Instructions to follow →
Leaving the pictures aside, return all of the data below exactly.

Data →
= Beginning of Section =
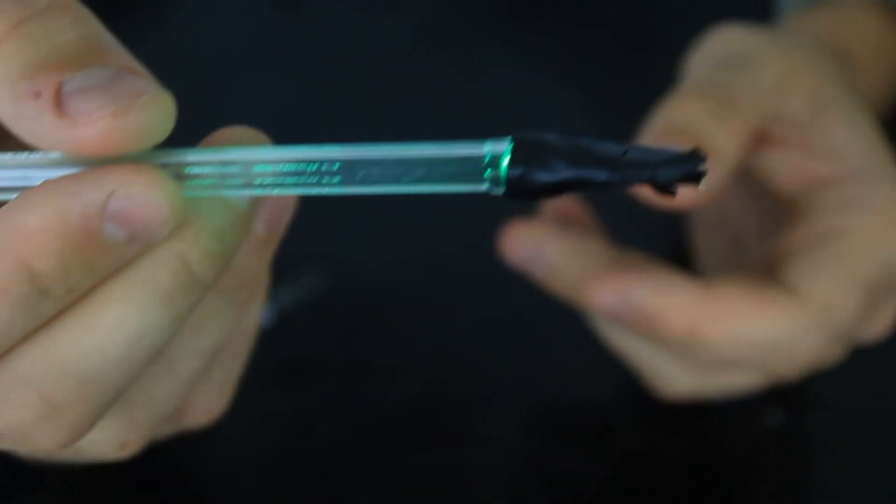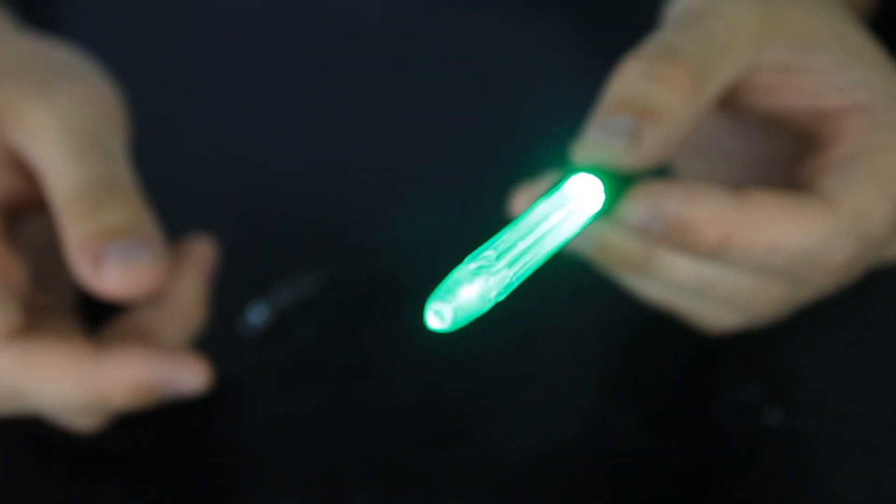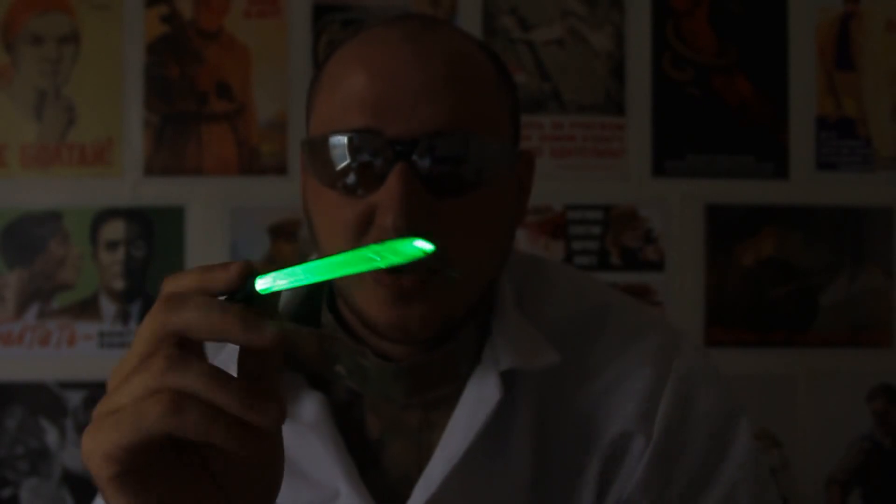That's it. Very simple, kinda ghetto, but very cheap and simple. Let's go test it out in the dark. This is how it looks in complete darkness, like at night. Pretty crazy, huh? This is very cool — what do you guys think? I think it's awesome and very simple to make.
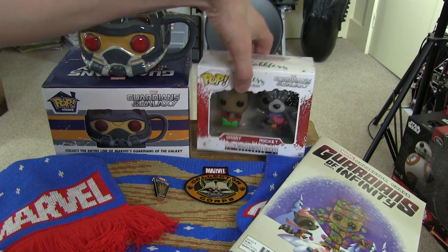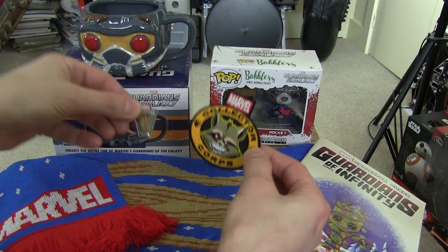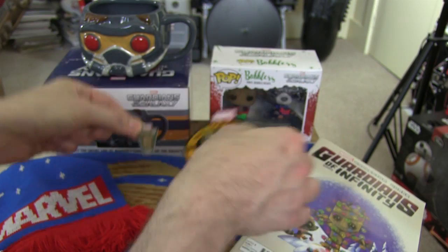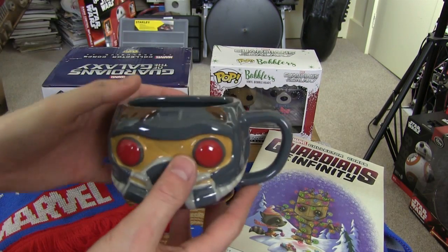Let's have a closer look at the items. We've got the two mini vinyl pops, the pin badge and the cloth badge of Groot and Rocket Raccoon, the comic, the scarf, and this rather nice mug.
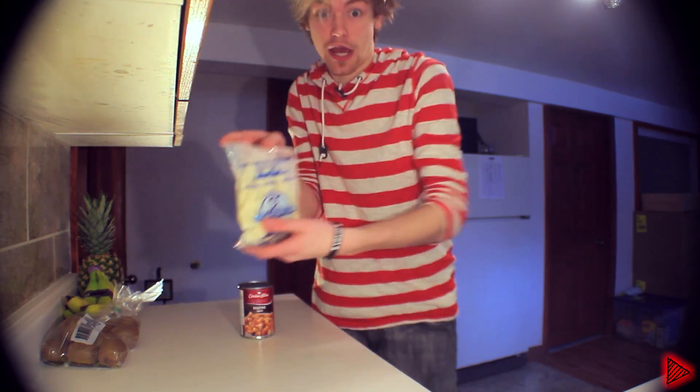And it can't be just any kind of cheese. It has to be this kind of cheese. They're called cheese curds. I don't know if you can get them in other parts of the world, but if you can't, do your best.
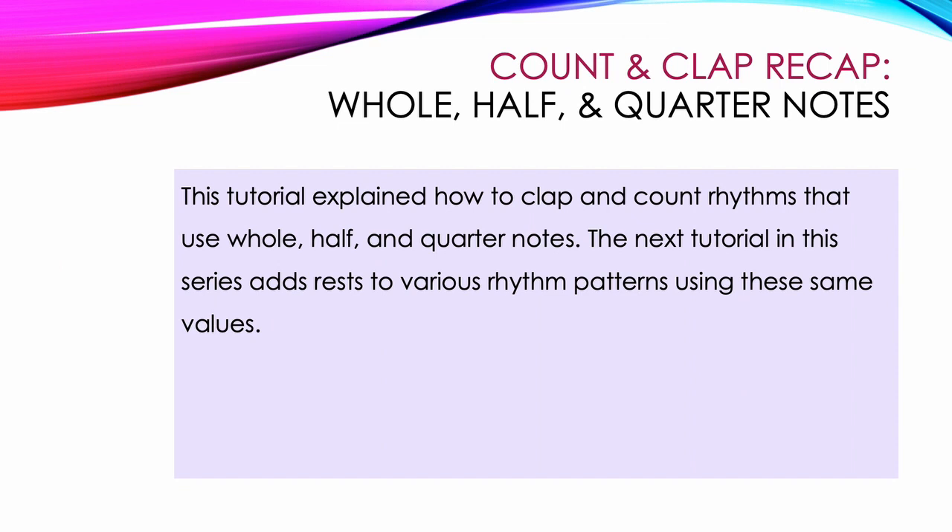This tutorial explained how to clap and count rhythms that use whole, half, and quarter notes. The next tutorial in this series adds rests to various rhythm patterns using these same values.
= End of Section =
Answer to this task →
That's it. Very simple, kinda ghetto, but very cheap and simple. Let's go test it out in the dark. This is how it looks in complete darkness, like at night. Pretty crazy, huh? This is very cool — what do you guys think? I think it's awesome and very simple to make.
Let's have a closer look at the items. We've got the two mini vinyl pops, the pin badge and the cloth badge of Groot and Rocket Raccoon, the comic, the scarf, and this rather nice mug.
And it can't be just any kind of cheese. It has to be this kind of cheese. They're called cheese curds. I don't know if you can get them in other parts of the world, but if you can't, do your best.
This tutorial explained how to clap and count rhythms that use whole, half, and quarter notes. The next tutorial in this series adds rests to various rhythm patterns using these same values.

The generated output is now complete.